Engaging with staff early can go a long way to alleviating concerns and reducing resistance to changing working patterns which require increased time in the office.
It may also be worth highlighting that all employees attending the office will be expected to comply with internal Covid-secure guidelines and any failure to do so will be taken seriously.
That said, any ongoing reluctance to work from the office may be down to employees changing their lifestyles following the repeated lockdowns and working from home periods during the last two years. Reduced commutes, increased flexibility, additional family time, and in some cases improved mental/physical health, are all benefits which employees understandably wish to retain if they can do so without adverse consequences.
One way to address this is through consultation, so that employers can understand specific employee concerns and seek to address them up front where possible.
Setting aside the need for individual reasonable adjustments if an employee is disabled for the purposes of the Equality Act 2010, recognition of personal difficulties can help employees feel supported as companies settle back into their new normal working patterns following Omicron.
As before, it also remains important to look out for individual flexible working requests and ensure that these are properly addressed, following the current statutory process and any applicable internal policies.

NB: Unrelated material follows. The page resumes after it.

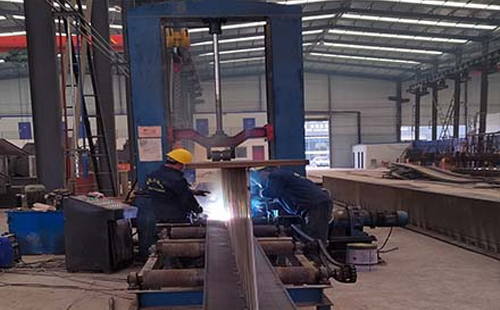 甘肃广河广河钢结构厂房建造前的准备工作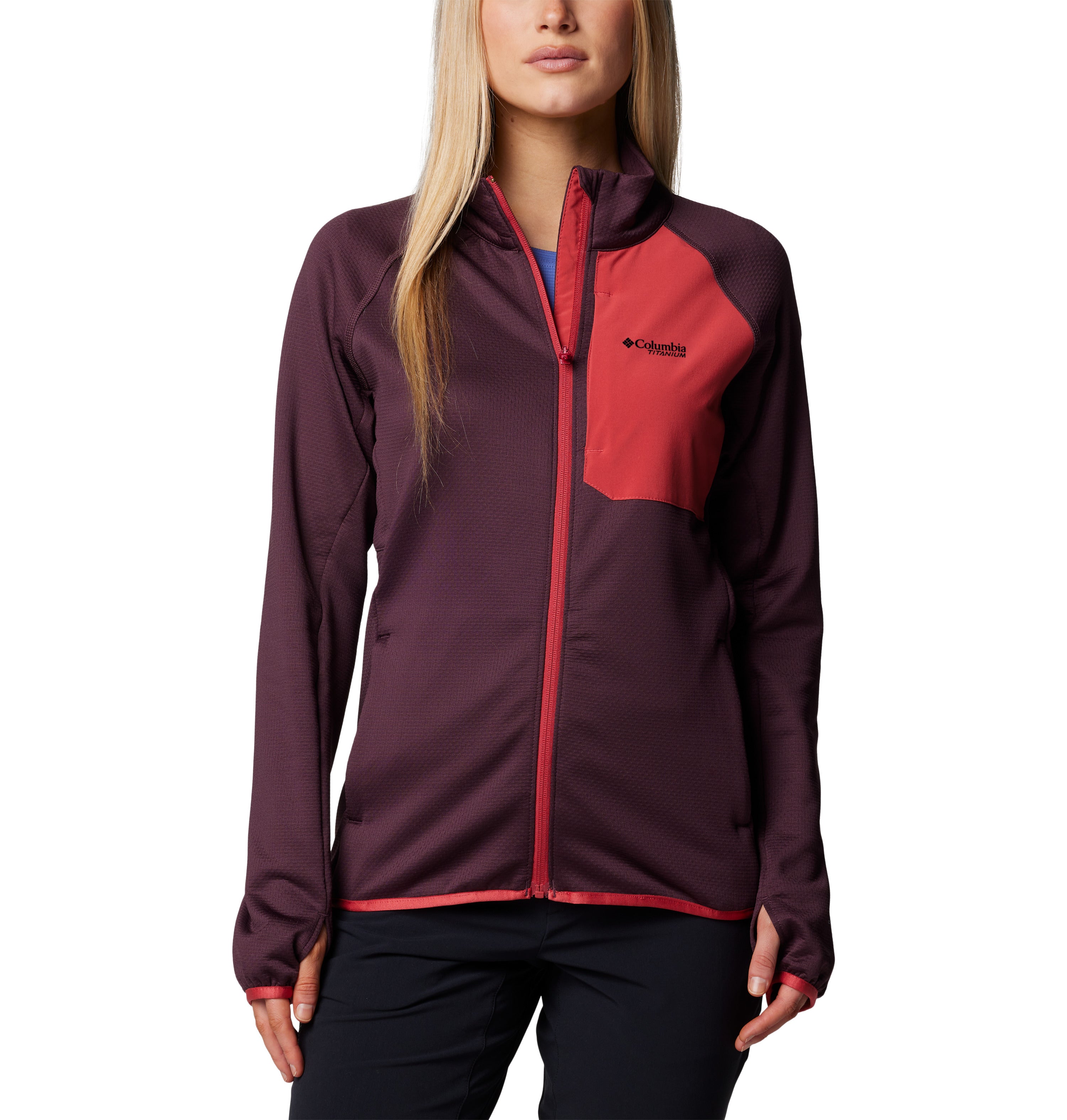 CHAMARRA MUJER COLUMBIA | TRIPLE CANYON GRID FLEECE FZ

Broadly, this involves an employer dealing with a statutory request in a reasonable manner, within a three-month period, and only rejecting it if one or more of eight statutory business reasons apply (such as the burden of additional costs).
Note that the outcome of the government’s recent consultation on flexible working is still awaited. Among other developments, one proposal is an extension of the right to request flexible working so that it applies from day one of employment (rather than after 26 weeks’ service).

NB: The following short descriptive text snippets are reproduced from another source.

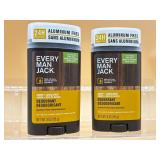 Every Man Jack deodorants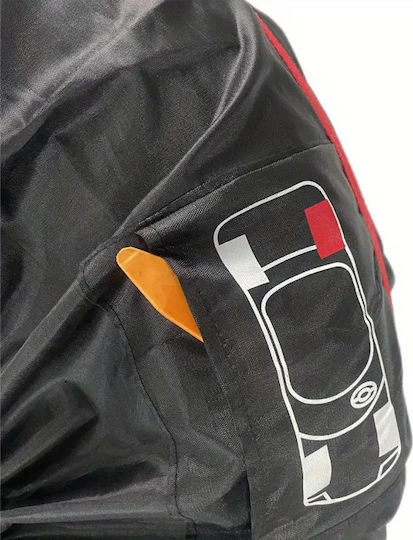 Spare Tire Cover 0778 Size S 13"-19" Set of 4 Pieces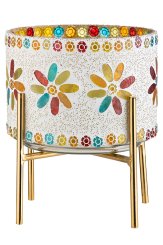 Windlicht "Boho" 
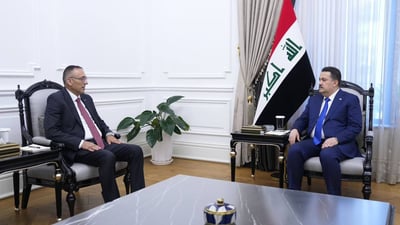 Iraqi PM meets Palestinian ambassador, renews support for Gaza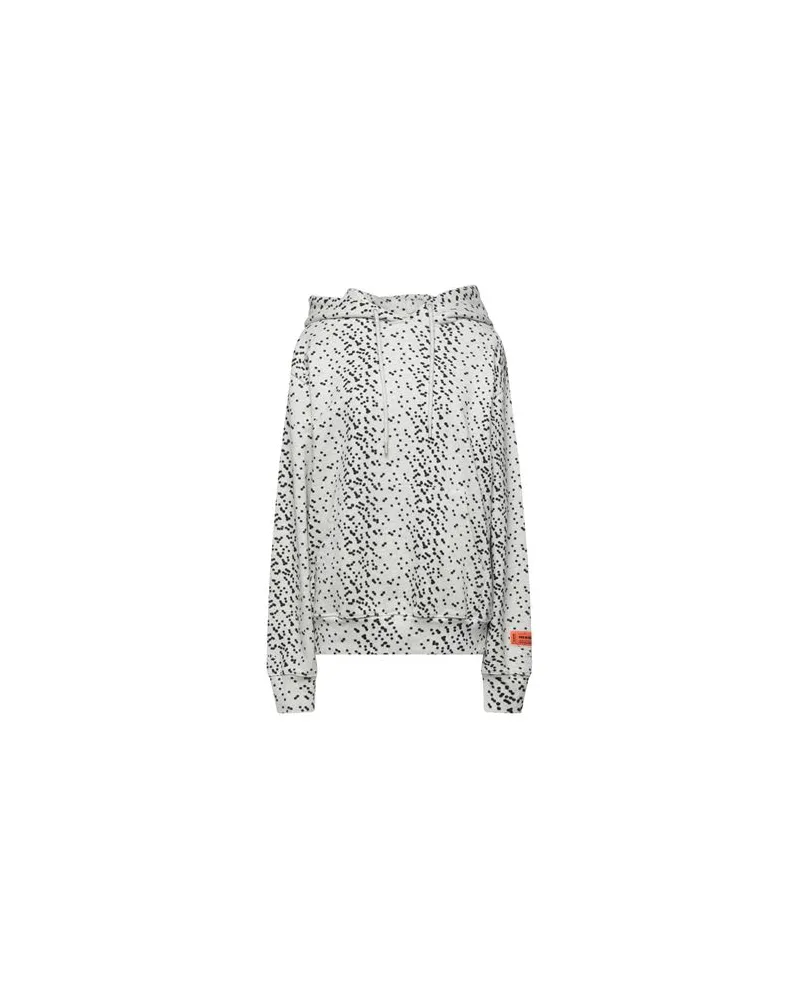 Heron Preston TOPS - Sweatshirtsauf YOOX.COM Hellgrau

When is disciplinary action appropriate?
Attitudes to hybrid working patterns vary greatly across sectors. What works for the media industry, for example, is unlikely to work for the highly regulated financial services industry. Employers are best placed to determine the most effective and appropriate working patterns for their own businesses and that is likely to include increased time in the office now that Plan B measures have been lifted.

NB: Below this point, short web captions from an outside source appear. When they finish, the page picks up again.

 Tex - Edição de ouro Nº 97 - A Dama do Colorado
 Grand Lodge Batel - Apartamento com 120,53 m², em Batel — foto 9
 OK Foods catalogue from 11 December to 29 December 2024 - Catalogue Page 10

If the focus on employee wellbeing fails to lure reluctant returners back to the office, employers may be left with little choice other than a more robust approach. Provided homeworking has not (expressly or impliedly) become a contractual right, employers could consider starting a disciplinary process, based on a failure to follow the employer’s lawful and reasonable instructions and in line with internal policies.
The prospect of disciplinary action (such as a warning, or dismissal as a last resort) may be enough to yield results, particularly if the business need for a return to the office has been well documented and communicated.
What are the key employment law risks?
If an employer does choose to explore the last resort option of disciplinary action, there will be the inevitable risk of damage to the working relationship which in turn, could lead to a constructive or unfair dismissal claim. However, if managed appropriately, it could also achieve the desired result.
The reason behind an employee’s reluctance to return to the office could also relate to a protected characteristic for the purposes of the Equality Act 2010. For example, an employee with a disability (or who cares for a disabled relative) may be concerned about the Covid exposure associated with working in the office and argue that they are being subjected to indirect disability discrimination.
Employers should be prepared for the need to show objective business reasons supporting the decision to require office working, such as client and/or regulator expectations and requirements.
Helpfully for employers, the recent tribunal decision in X v Y clarified that a fear of contracting Covid and passing it on to others is not protected from discrimination as a philosophical belief under the Equality Act 2010. On the facts, the employee’s fear about returning to work was an instinctive reaction to the threat of physical harm and did not of itself satisfy all the criteria necessary for establishing a philosophical belief which is protected in law.
Successfully returning employees to the office may require use of both the “carrot” and “stick” methods of encouragement.
In the first instance, it is advisable to highlight the available office perks, as well as the increased emphasis on employee wellbeing. That is particularly the case when the Covid-related stress of the last two years is taken into account.
If this approach is followed, it may be possible to avoid the “stick” of disciplinary action altogether, thereby minimising the risk of successful employment claims and achieving the end goal of a smooth transition back to your new normal working pattern.